> On Fri, Nov 16, 2018 at 11:19:41AM -0800, Todd Kjos wrote:
> > On Thu, Nov 15, 2018 at 2:54 PM gre...@linuxfoundation.org
> > <gre...@linuxfoundation.org> wrote:
> > ...
> > >
> > > A number of us have talked about this in the plumbers Android track, and
> > > a different proposal for how to solve this has been made that should be
> > > much more resiliant.  So I will drop this patch from my queue and wait
> > > for the patches based on the discussions we had there.
> > >
> > > I think there's some notes/slides on the discussion online somewhere,
> > > but it hasn't been published as the conference is still happening,
> > > otherwise I would link to it here...
> >
> > Here is a link to the session where you can look at the slides [1].
> > There was consensus that "binderfs" (slide 5) was the most promising
> > -- but would be behind a config option to provide backwards
> > compatibility for non-container use-cases.
> >
> > The etherpad notes are at [2] (look at "Dynamically Allocated Binder
> > Devices" section)
> >
> > Christian Brauner will be sending out more details.
> 
> Ok, sorry for the delay I got caught up in other work.
> 
> The idea is to implement binderfs which I'm starting to work on.
> binderfs will be a separate pseudo-filesystem that will be mountable
> per-ipc namespace.
> This has the advantage that the ipc namespace is attached to the
> superblock of the mount and can be easily retrieved by the binder
> driver. It also implies that - in contrast to the proposed patch here -
> an open() on a given binder device will not be able to change the ipc
> namespace of said devices. The obvious corollary is that you can
> bind-mount binder devices or the whole binderfs mount between different
> ipc namespaces and given the right permissions (CAP_IPC_OWNER in the
> owning userns of the ipcns) can see services on the host which is
> something that people wanted to be able to do.
> Additionally, each binderfs mount will come with a binder-control
> device.

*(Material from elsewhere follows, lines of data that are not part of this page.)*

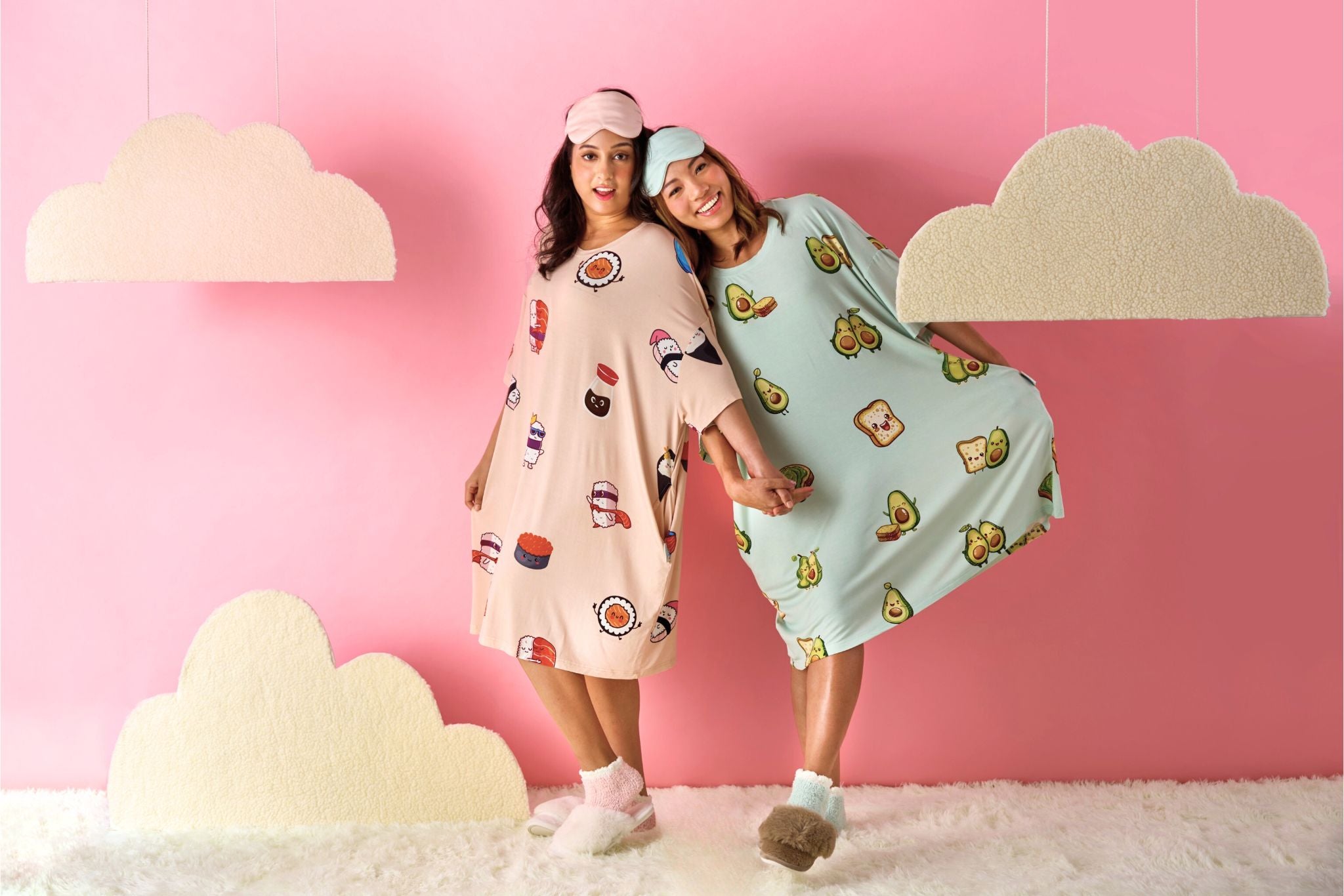 Two women wearing colorful sleep tees with cartoon designs against a pink wall.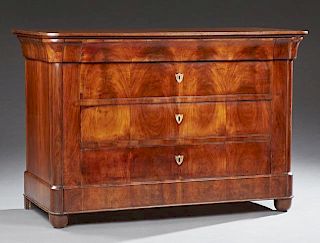 French Louis Philippe Carved Walnut Commode, c. 1860, the rounded corner two board two over a cavetto frieze drawer and three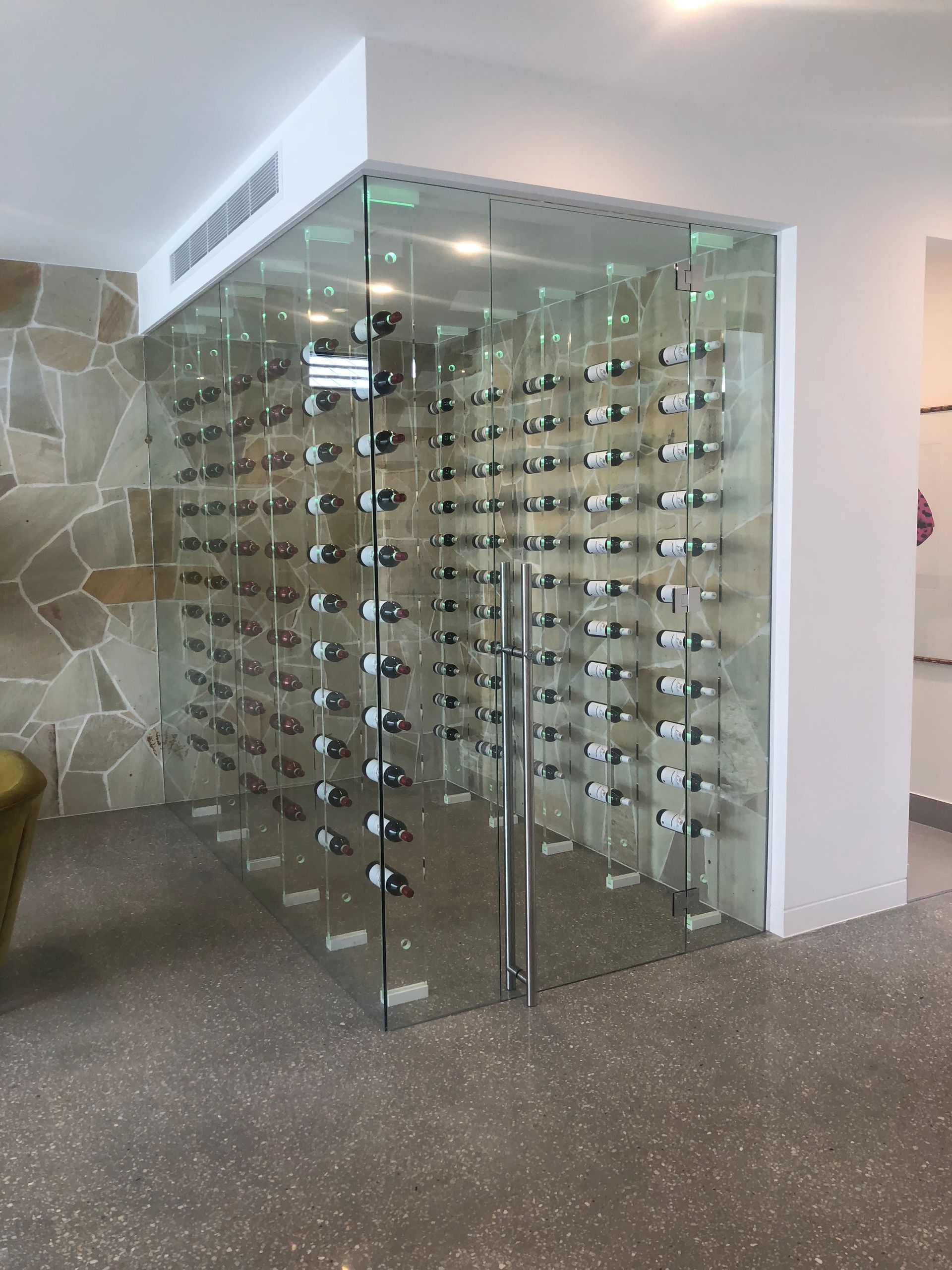 A glass wine cellar filled with lots of wine bottles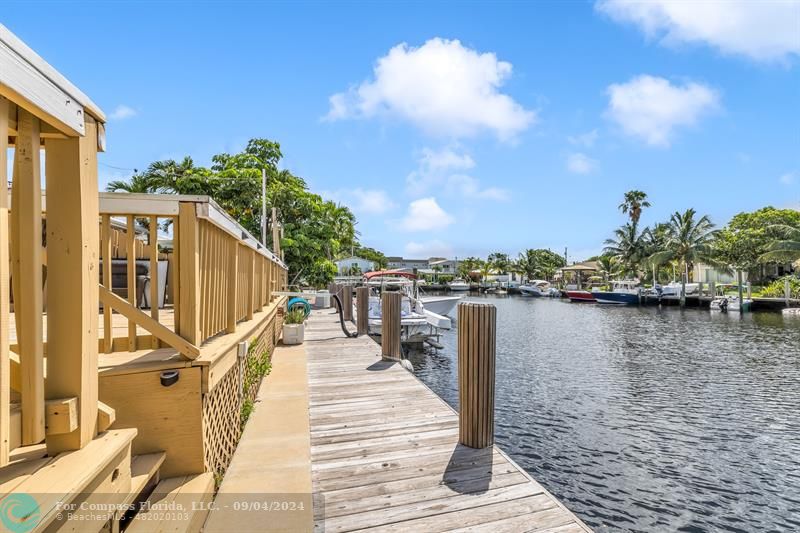 a lake view with a wooden bridge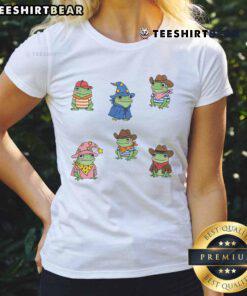 Cute frogs dressed as cowboys and witches on a ladies tee, perfect for frog lovers and Halloween enthusiasts.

This device is functionally similar to loop-control and will
> allow for dynamic allocation (and possibly deallocation) of binder
> devices. With this we can remove the restriction to hard-code the number
> of binder devices at compile time.
> Backwards compatibility can either be guaranteed by hiding binderfs
> behind a compile flag or by special-casing the inital binderfs mount to
> pre-create the standard binder devices. The jury is still out on this.
> 
> Christian
> 

Since you are working on this, I will withdraw this patch. We will evaluate 
whether to your solution in our environment after you implement it.